Grad students seek to save Notre Dame’s University Village | Education

SOUTH BEND — Some University of Notre Dame graduate students are circulating a petition to try to save University Village, the 55-year-old married student apartment complex that is scheduled to close and be demolished next spring.

The complex includes many married couples with young children. Residents there describe it as a close-knit community, with regular communal dinners and Masses, and a fenced-in playground.

As of Thursday afternoon, the petition had nearly 2,300 signatures.

Built in 1962, University Village is on the far north edge of campus along Douglas Road. Graduate students and their families who live there often walk or bike to the main part of campus.

Earlier this month, Notre Dame announced that starting in fall 2018 all newly enrolled undergraduates will be required to live on campus for three years, in part to strengthen the residential community on campus. Now some graduate students with families are concerned they will have to move off campus, into rental apartments or houses that will cost them more and not offer the sense of community they say exists among student families on campus.

“Notre Dame has pushed off giving us details about the closing since 2014,” said Thomas Dougherty, a graduate student of architecture, who lives in University Village with his wife and two children.

The university announced in 2014 that in 2018 it would close three on-campus graduate apartment complexes: University Village, which houses about 75 married students with spouses, including many with children; Cripe Street Apartments, 22 students plus their spouses; and O’Hara-Grace Townhouses, 62 single graduate students.

The plan to close all three remains on target for next May, Erin Hoffmann Harding, Notre Dame’s vice president for student affairs, said in an interview Wednesday.

She and Karen Kennedy, the university’s housing director, said Notre Dame will help married students and their families find new housing either on campus or in the community.
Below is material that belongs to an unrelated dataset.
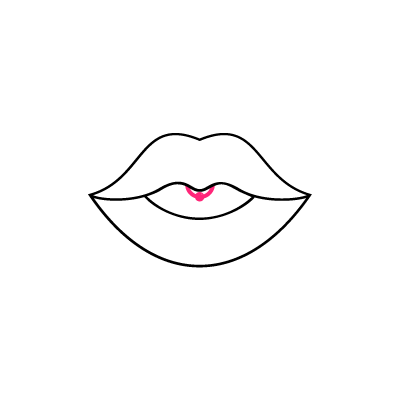 Minimalistische Zeichnung von Lippen mit Smiley-Piercing, schwarz-weiß mit rotem Detail.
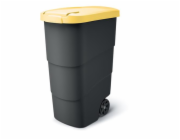 Popelnice Prosperplast Wheeler 90 l antracit se žlutým víkem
Families that were living in University Village under signed leases in 2014 will be able to rent units in Fischer Graduate Residences on campus at the same rate as their current lease, Harding said. Graduate student families that weren’t under a campus lease in 2014 will have the option of renting Fischer units at the current rate or finding housing off campus.

For families without a grandfathered lease, rates at Fischer will be nearly double what they now pay at University Village, which will be prohibitive for some families, said University Village resident Naomi Burton, who lives there with her husband, Robert, a doctoral student, and their two children.

“We would like some sort of community,” said resident Heeyoung Moon, whose husband is a graduate student. They are among many international families in University Village.

The university has an agreement with Off Campus Partners LLC, based in Charlottesville, Va., to help married students and their families find affordable housing in the South Bend area, Harding said. Most families likely will seek to rent apartments or houses, but the university also works with a local real estate company to show homes to families seeking to buy, she said.

Notre Dame won’t arrange communal living centers for graduate student families off campus. If a number of university families decided to rent in a specific neighborhood or apartment complex, however, the university intends to help them plan gatherings and events to foster a sense of community.

The university in 2018 also plans to hire a full-time employee to help students with parenting and spousal support issues.

In 2016, Holladay Properties proposed development of a mixed-use retail and residential project in the area where University Village now stands, Notre Dame spokesman Dennis Brown said. There is a tentative agreement to move forward on that, but only if it is in conjunction with a project to improve safety and landscaping along Indiana 933, he said.

If the 933 project doesn’t materialize, the University Village property will be grassed over after demolition, he said. The area where the O’Hara-Grace Townhouses are located will be converted to parking.